Tijdlijn Steenkoolwinning

4. Het kolentransport

Bij de ontwikkeling van het goederenvervoer in Nederland heeft het kolentransport een belangrijke rol gespeeld. Het leidde onder andere tot de komst van nieuwe kanalen en spoorlijnen, zie De infrastructuur ten behoeve van de mijnbouw. Het kolenvervoer bleef tot in de jaren vijftig een belangrijk onderdeel van het totale goederenvervoer over het spoor. Ongeveer de helft van het goederenvervoer bestond in die jaren uit kolen.

Kolenwagens bij de Nederlandse Spoorwegen (NS) waren aanvankelijk eenvoudig van ontwerp. De eerste kolenwagens waren van hout en daardoor minder sterk. Ook was de levensduur beperkt. Als laatste hadden ze een laadvermogen van slechts tien ton per wagen.

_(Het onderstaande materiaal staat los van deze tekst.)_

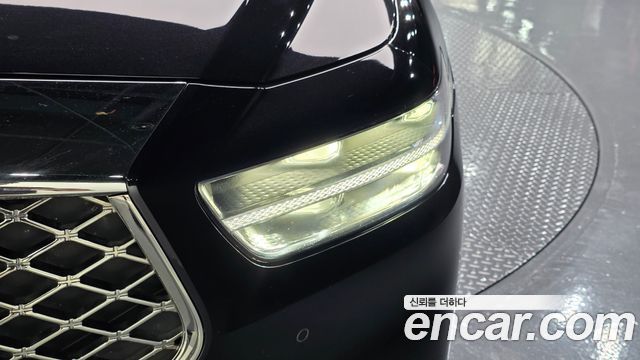 Genesis G90 5.0 AWD Limousine Prestige 2019 — фото 21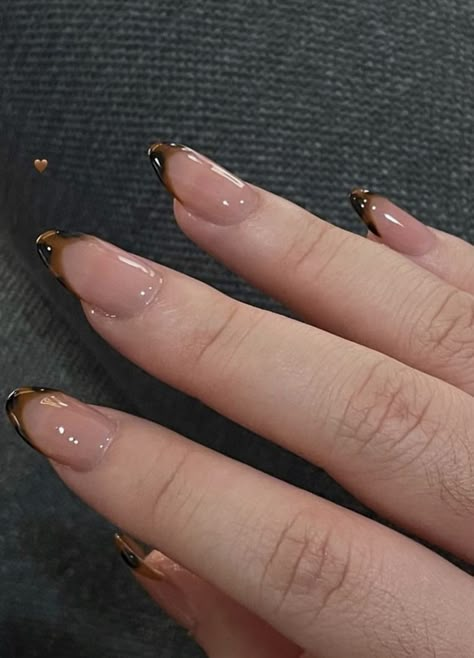 Ombre French Nails, French Nails Design, Y2k Tiktok, Outfits Asian, Viral Aesthetic, Coquette Nails, Chanel Lipstick, Vintage Ootd, Hello Nails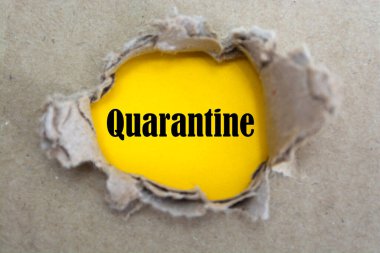 Karantina, yırtık bir zarfın içinde mesaj. Salgın Covid-19 Coronavirus karantina konsepti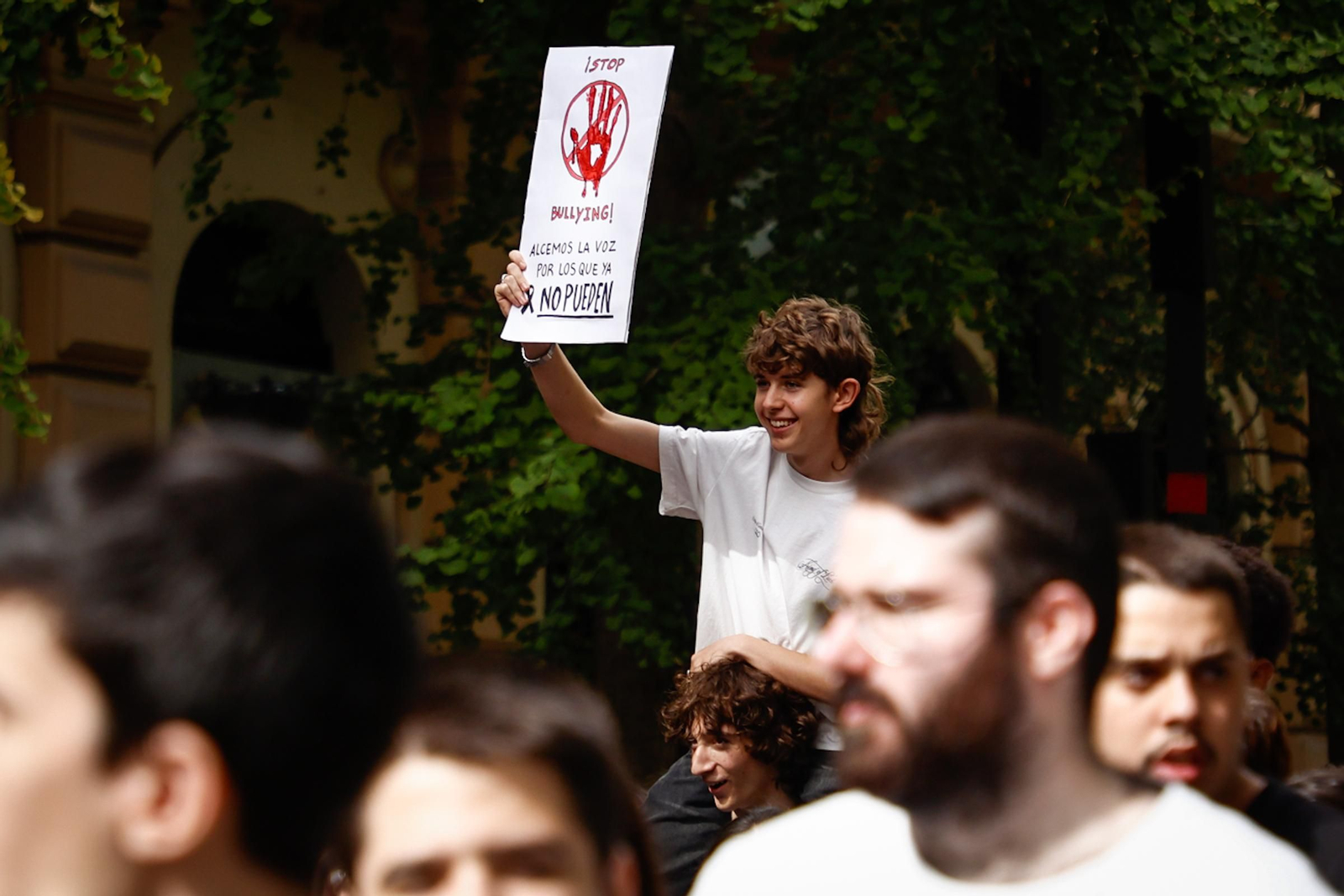 Unas 3.000 personas se manifiestan contra el acoso escolar en Granada: las imágenes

Kolentreinen op het emplacement van de steenkolenmijn in Limburg, 1946
© Spaarnestad Photo / Henk Blansjaar

Toen de productie en de vraag toenamen en de industriële productie groeide, moest de transportcapaciteit vergroot worden. Daarom werd het ontwerp en de bouw van de kolenwagens sterk aangepast.

Toename laadcapaciteit door zwaardere goederenwagons van staal

Technologische vooruitgang en het gebruik van andere materialen maakten zwaardere en sterkere goederenwagons mogelijk. Door over te schakelen op staal als bouwmateriaal werden de wagens sterker en konden ze zwaardere ladingen aan. Daardoor leverde het kolentransport meer op. Er kon meer kolen getransporteerd worden in een kortere tijd. Tegen de jaren vijftig was het laadvermogen van de wagens verdubbeld naar dertig ton per stuk.

Vrachtvervoer over de weg meestal over kortere afstanden

In de jaren vijftig kwam het goederenvervoer per vrachtwagen op gang. Dit kwam onder andere door de groei van de transportsector, de verbeterde wegen en doordat het wegennet groeide. Vrachtwagens werden vooral gebruikt voor het transport van kolen naar lokale depots en voor kleinere hoeveelheden die niet per trein konden worden vervoerd. Het vervoer per vrachtwagen was doorgaans efficiënter voor de laatste etappe van het transport.

Een perslucht-locomotief met kolentrein in het ondergrondse bedrijf van Staatsmijn Emma. Datum onbekend.
© Nationaal Archief / Spaarnestad Photo
 

Ondanks de groei van het wegtransport bleef het spoor belangrijk voor het vervoer van kolen, vooral voor het vervoer over lange afstanden tussen kolenmijnen, havens en industriële centra. Pas in de jaren zestig en zeventig zou het aandeel van het wegtransport langzaam toenemen, met de opkomst van zwaardere dieselvrachtwagens en de verbetering van de snelwegen. Toch bleef het spoor een belangrijk vervoermiddel voor de grotere hoeveelheden.

Binnenvaart grote speler in het kolentransport

Naast spoorvervoer en wegtransport speelde (en speelt) de binnenvaart ook een belangrijke rol in het kolenvervoer in Nederland, vooral in de regio’s met grote rivieren en/of kanalen. De binnenvaart kan grote hoeveelheden kolen over lange afstanden vervoeren, vooral tussen havens en industriële centra. Mede daardoor is het vergeleken met andere transportmiddelen goedkoper.

De grote havens zoals Rotterdam speelden een grote rol in de import en distributie van kolen uit het buitenland - zoals uit België, Duitsland en het Verenigd Koninkrijk. Deze kolen werden verder vervoerd via de binnenwateren naar de binnenlandse afnemers.